Moments later the aroma of the perfectly balanced dark liquid, still too hot to drink, tickled my senses. I noticed the bar man had slipped outside. Perched on a step, a conversation seemed to follow with a local store owner as they both smoked hand rolled cigarettes and drank coffee.

Then, ever so slightly, my heartbeat picked up. Surely it was not the espresso?

I scanned the cafe, bottles of fernet, limoncello, averna, Campari, grappa and aperol lined the shelf nestled beside a coffee machine that looked like the engine of a fine Italian race car.

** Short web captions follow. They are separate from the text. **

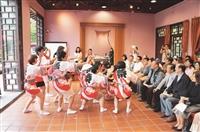 回應母校呼喚 相招回娘家　系所校友 歡聚感恩回饋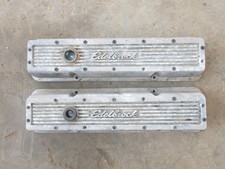 Edelbrock Elite Series Small Block Chevy Valve Cover Set Cast Aluminum 4 Bolt Edelbrock Elite Series Small Block Chevy Valve Cover Set Cast Aluminum 4 Bolt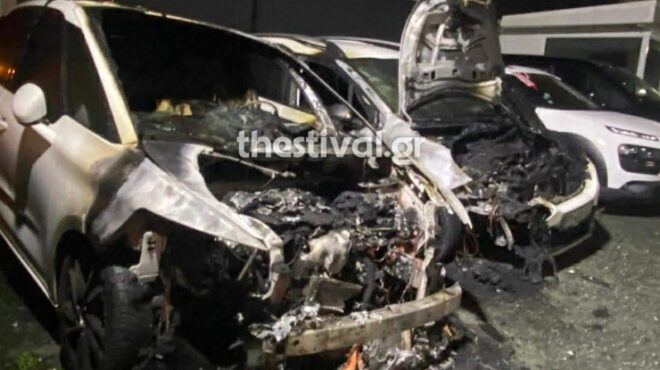 θεσσαλονίκη-φωτιά-σε-μάντρα-με-μεταχε-564048811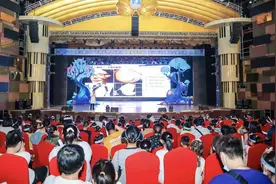 在童话世界里守护视力，这场近视防控舞台剧让大家直呼“过瘾”！图片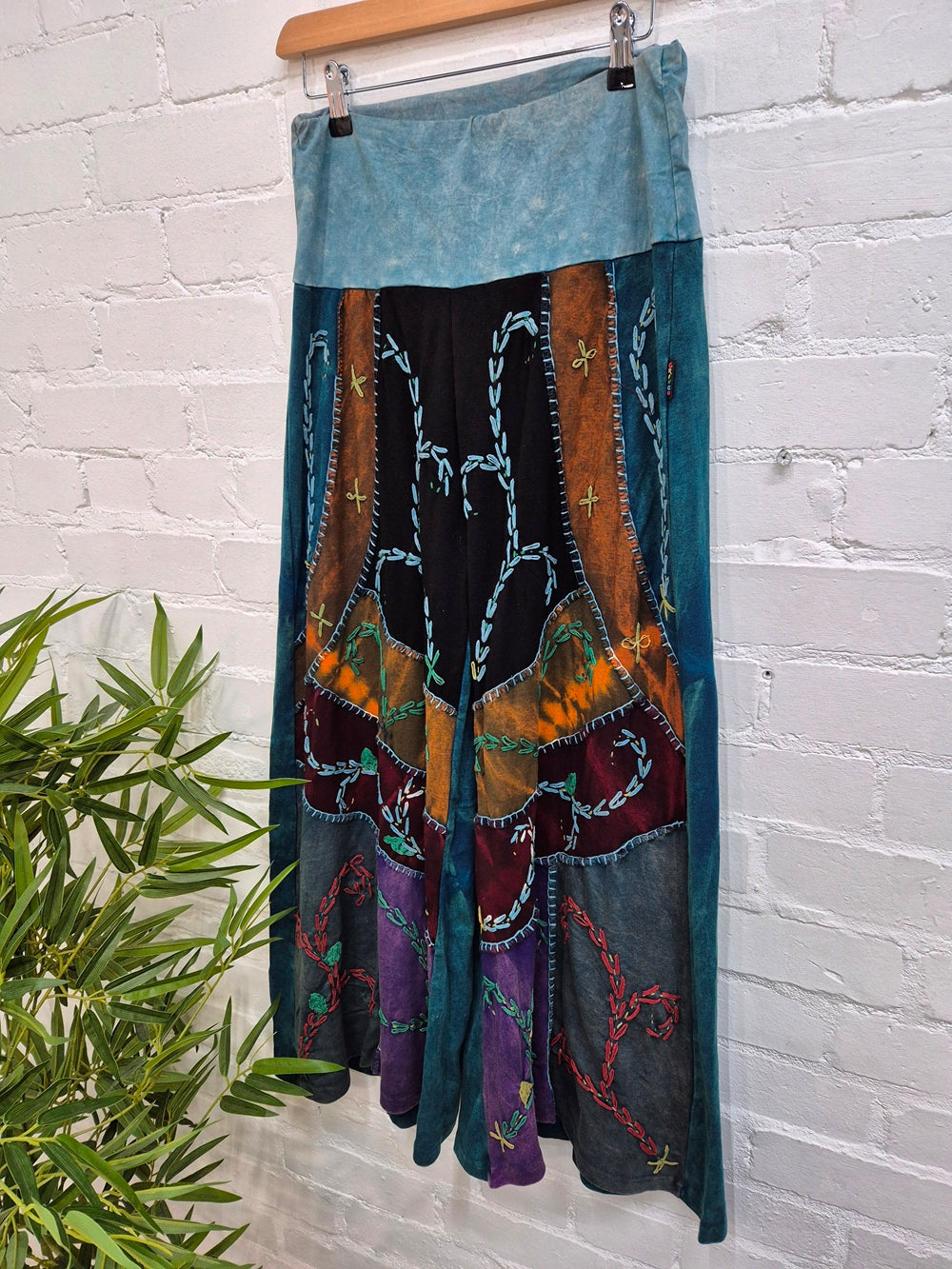 Wide Leg Embroidered Trousers
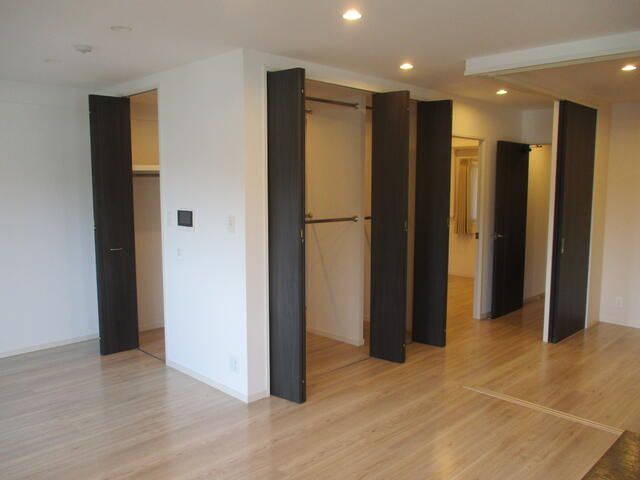 Modern 3SLDK Apartment with Large Balcony in Shimonoseki - Thumbnail 4
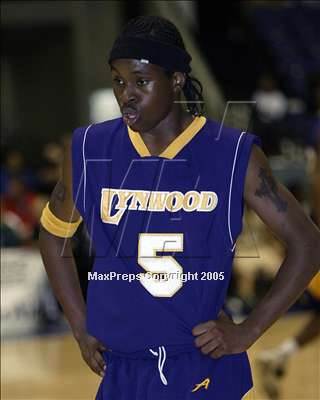 Thumbnail 2 in Lynwood vs.  Poly Long Beach(Nike Extravaganza) photogallery.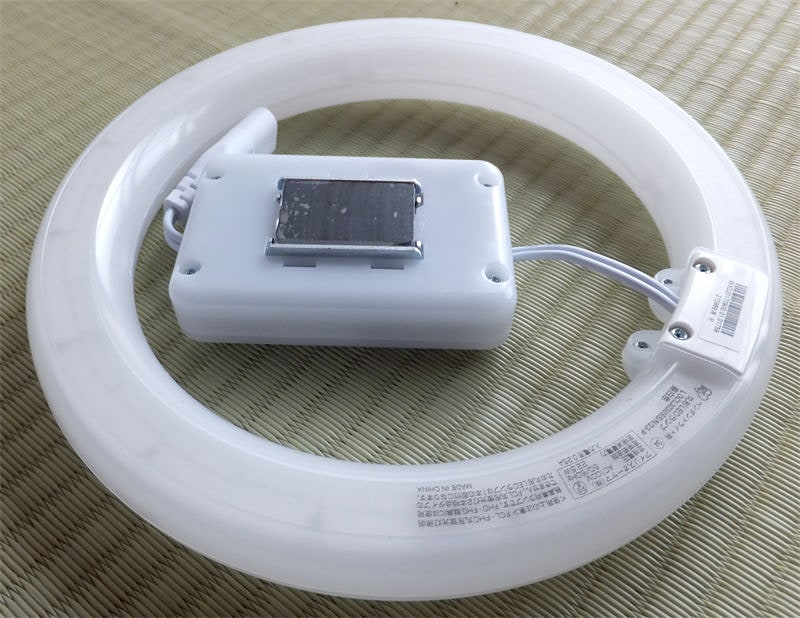 LEDライト本体。箱の部分に常夜灯が内蔵されている。箱のサイズは固定用磁石の厚みを含んで約10×6×2.5cmだ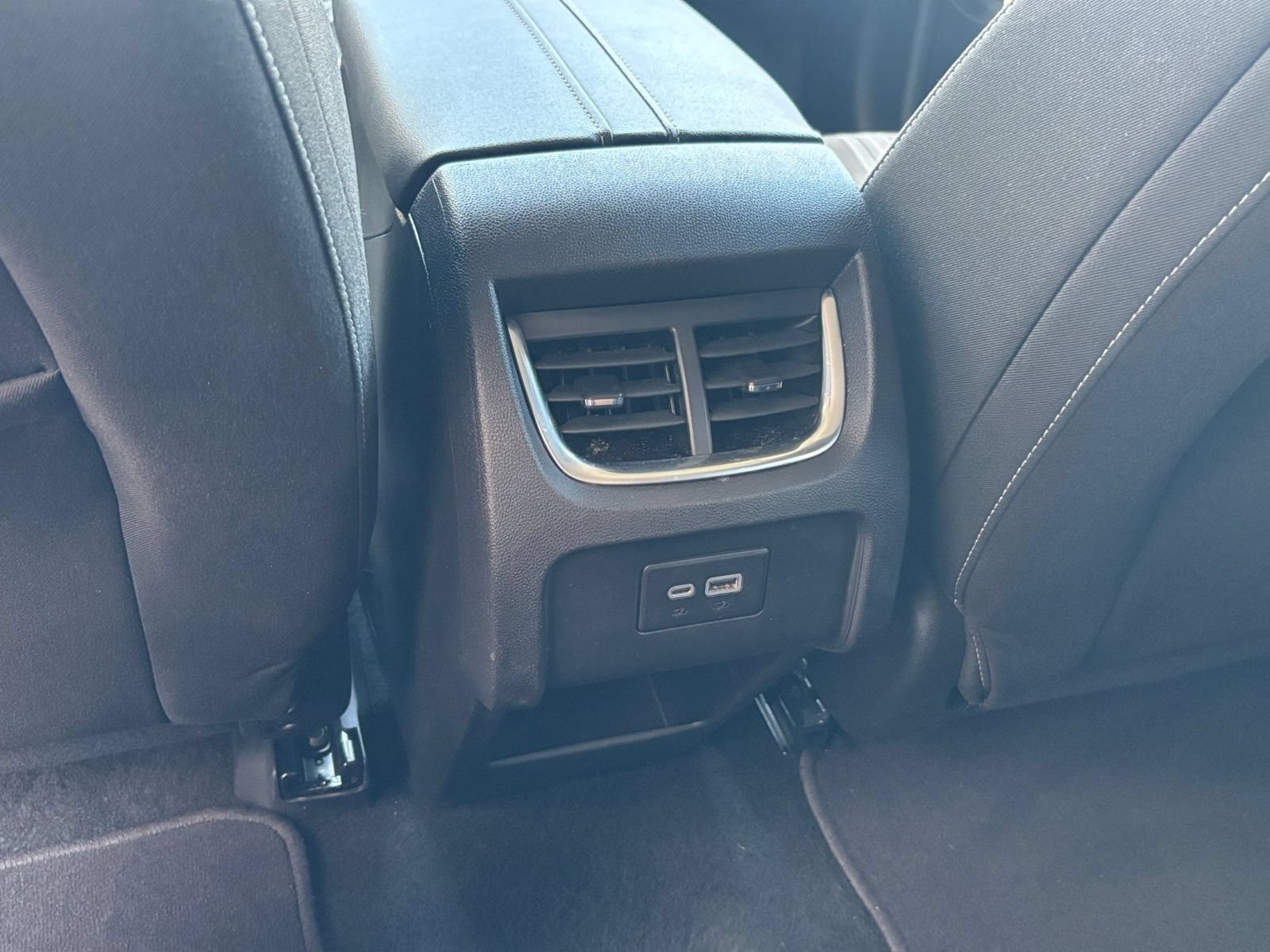 Used 2025 Chevrolet Blazer LT FWD image 24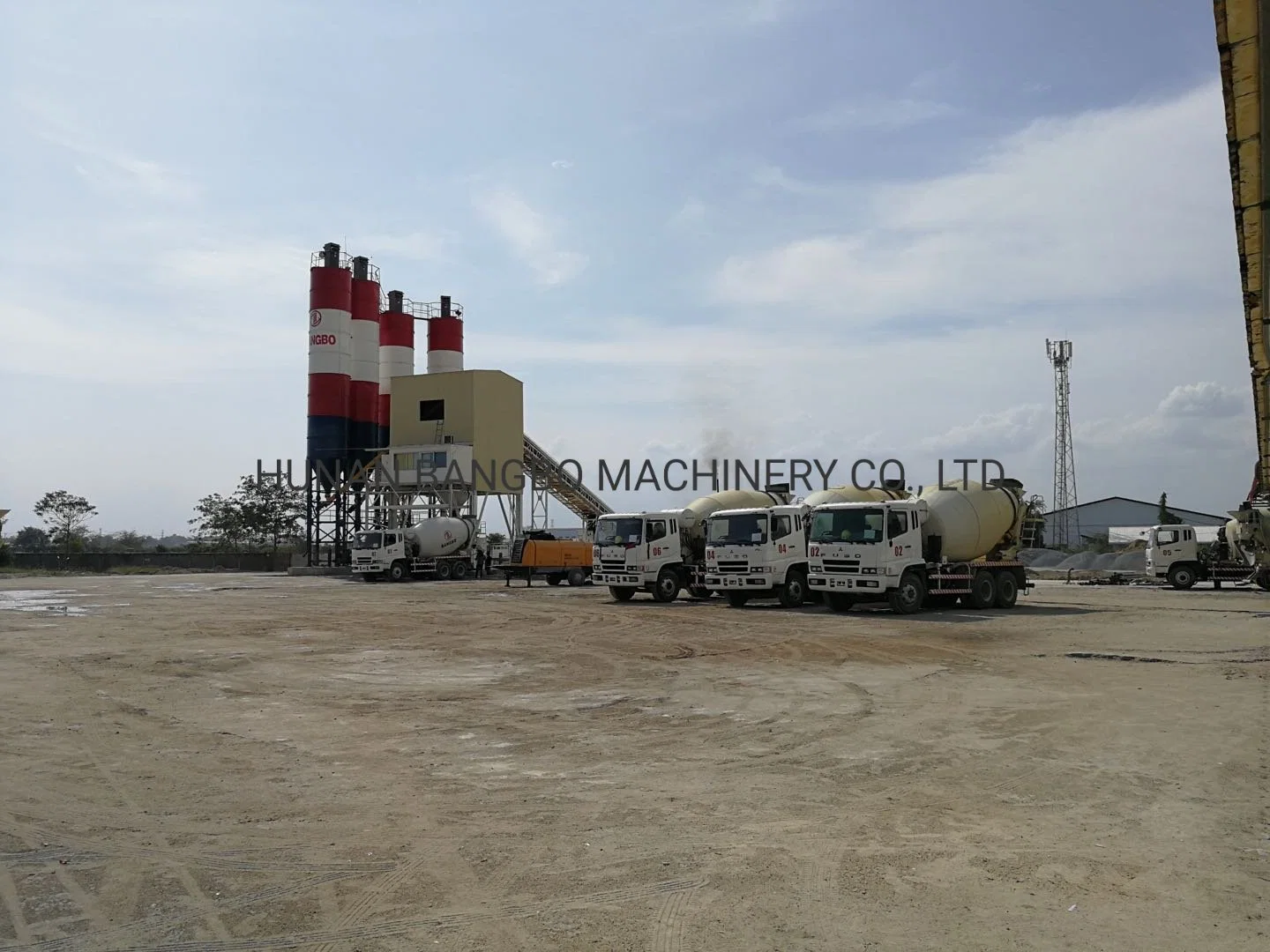 Equipo de concreto Acero Silo Mobile Cemento planta de concreto Batching Planta mezcladora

Through instinct I touch the side of my pant pocket where my phone was zipped away. “Should I edit photos or check email?” I thought to myself.. “no” began an internal dialogue. “Don’t do it – just be”. As the dialogue ensued, I couldn’t help but imagine how much better it would sound in Italian.

In fact just last week in Sicily, I found myself sitting there just listening to the spirited conversation my AirBnB hosts were having in an adjacent room. It was like music…better yet, a dance with a tempo that flowed with high and low notes that seemed to roll off the tongue.

My attention returned to the cafe. Charming. Mostly black and white. A gentle hum from a gelato machine and a few locals now sitting at a nearby table.

The server had not yet returned.

In Italy the servers do not check in on you. It’s not a lack of service, quite the opposite actually. Once you have your order, they leave you to enjoy your conversation, your food, the atmosphere. They…let you be.

Ah, yes, the pang of fear I’d felt just moments ago was not caffeine but an anxiousness to fill the void of just being.

I thought back to Paris where I’m sure they’ve heard of the iPhone, but not once for breakfast, lunch or dinner did I see people on their phones, whether they were alone or with company.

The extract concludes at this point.